### PROBLEM DETAILS
Exact duplicates of the lines from the top of the data through the line containing "Eddie Bauer Vintage" are needed, with every picture left out.

### TASK INPUT
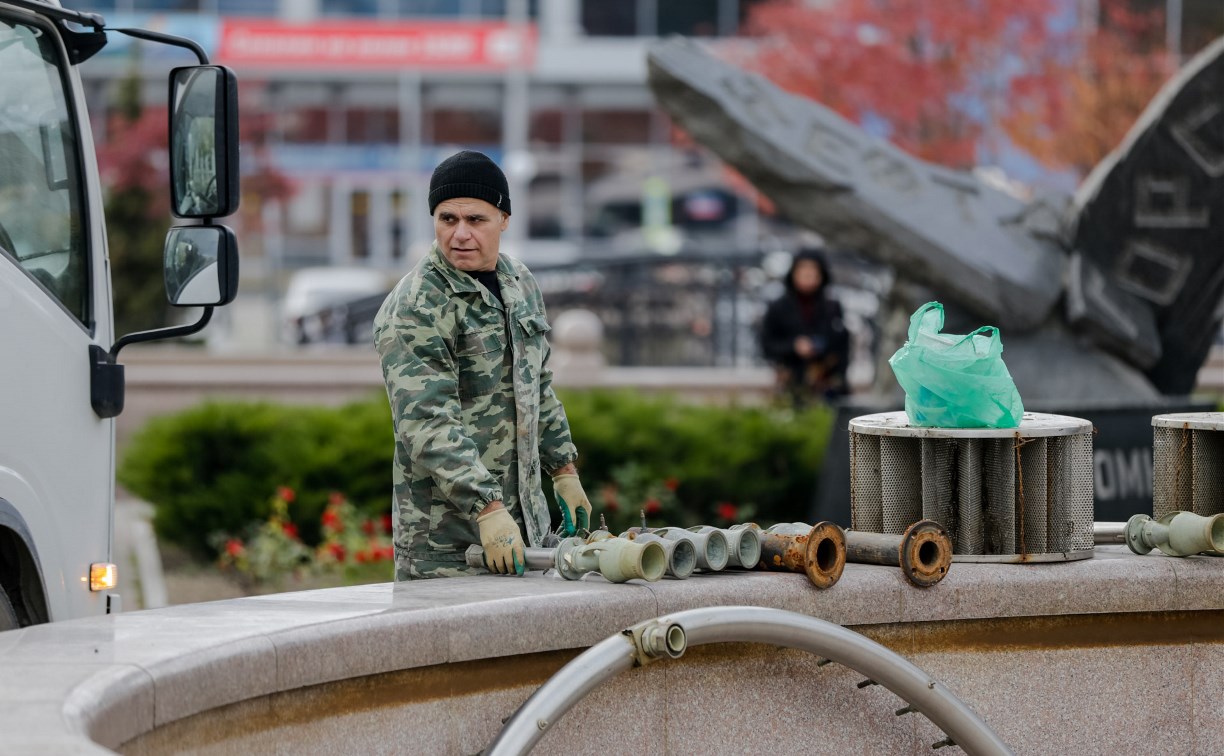 В Южно-Сахалинске готовят к зиме скверы, зеленые зоны, фонтаны и насаждения 
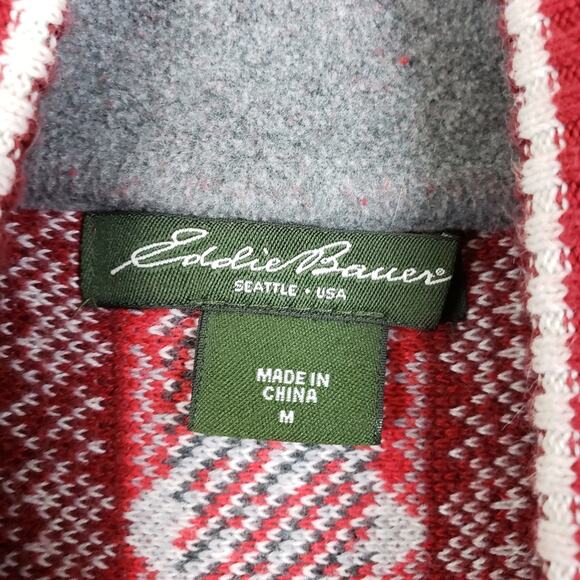 Eddie Bauer Vintage Red Snowflake Fair isle Zip Front Cardigan Sweater Ski - Picture 9 of 14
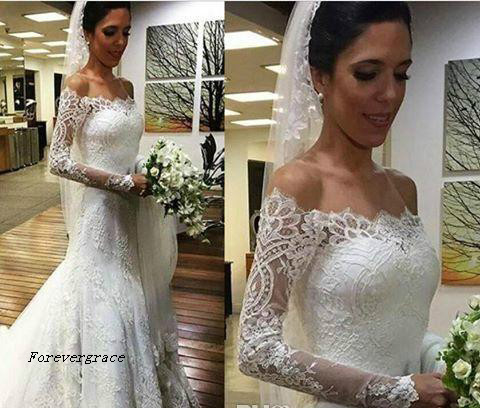 Vintage Full Lace Long Sleeves Mermaid Wedding Dress Off Shoulders Arabic Garden Summer Formal Bridal Gown Plus Size Custom Made, Gold
Vintage Full Lace Long Sleeves Mermaid Wedding Dress Off Shoulders Arabic Garden Summer Formal Bridal Gown Plus Size Custom Made, Gold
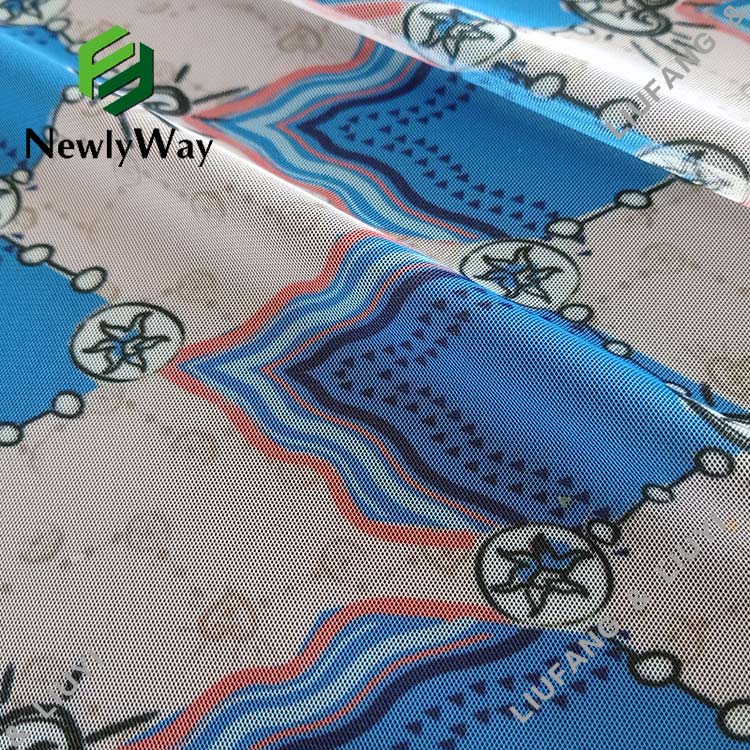 Designer printed tulle polyester mesh lace fabric for dresses-14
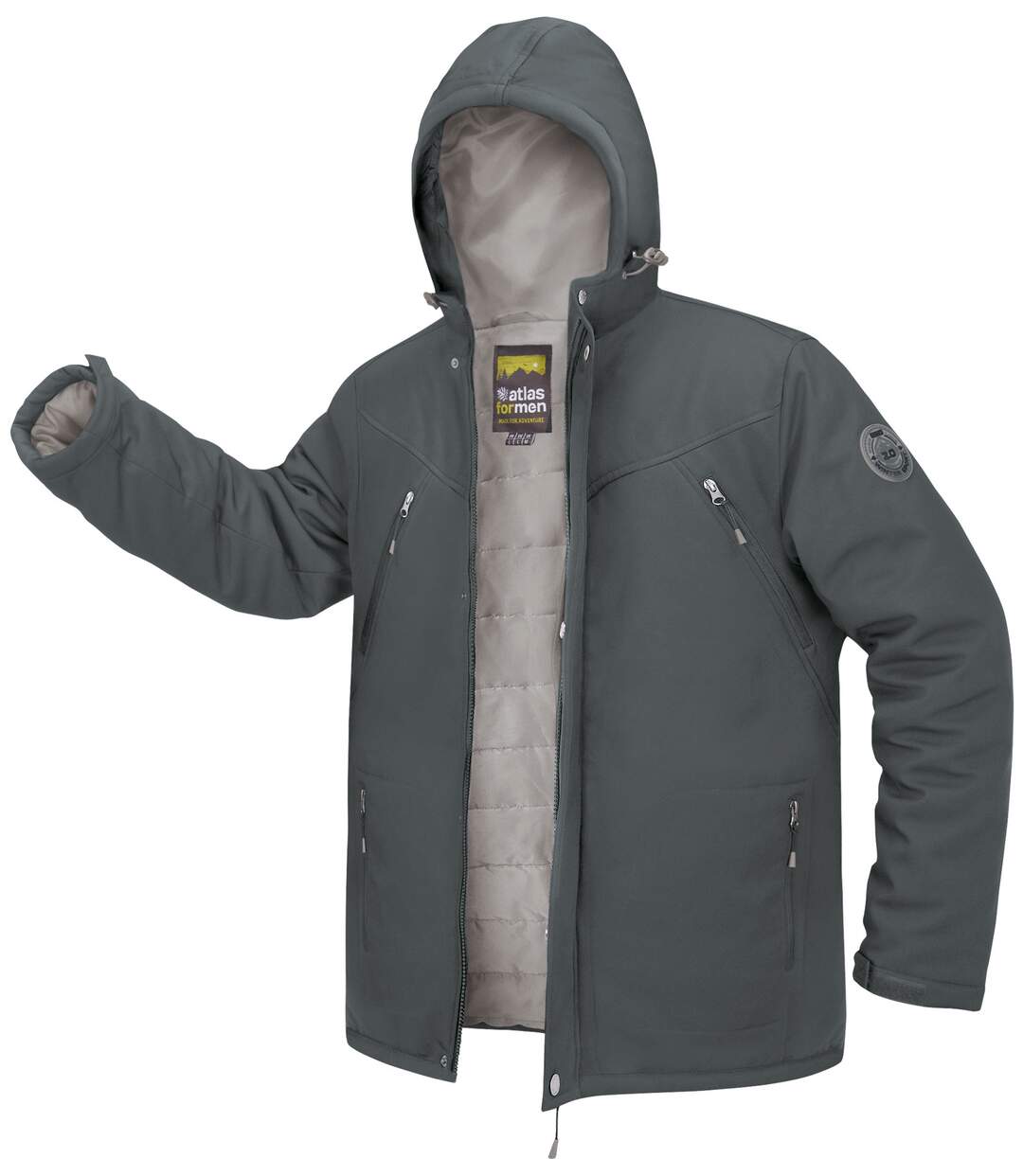 Parka d'hiver à coquille souple homme - gris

### ANSWER
 В Южно-Сахалинске готовят к зиме скверы, зеленые зоны, фонтаны и насаждения 
 Eddie Bauer Vintage Red Snowflake Fair isle Zip Front Cardigan Sweater Ski - Picture 9 of 14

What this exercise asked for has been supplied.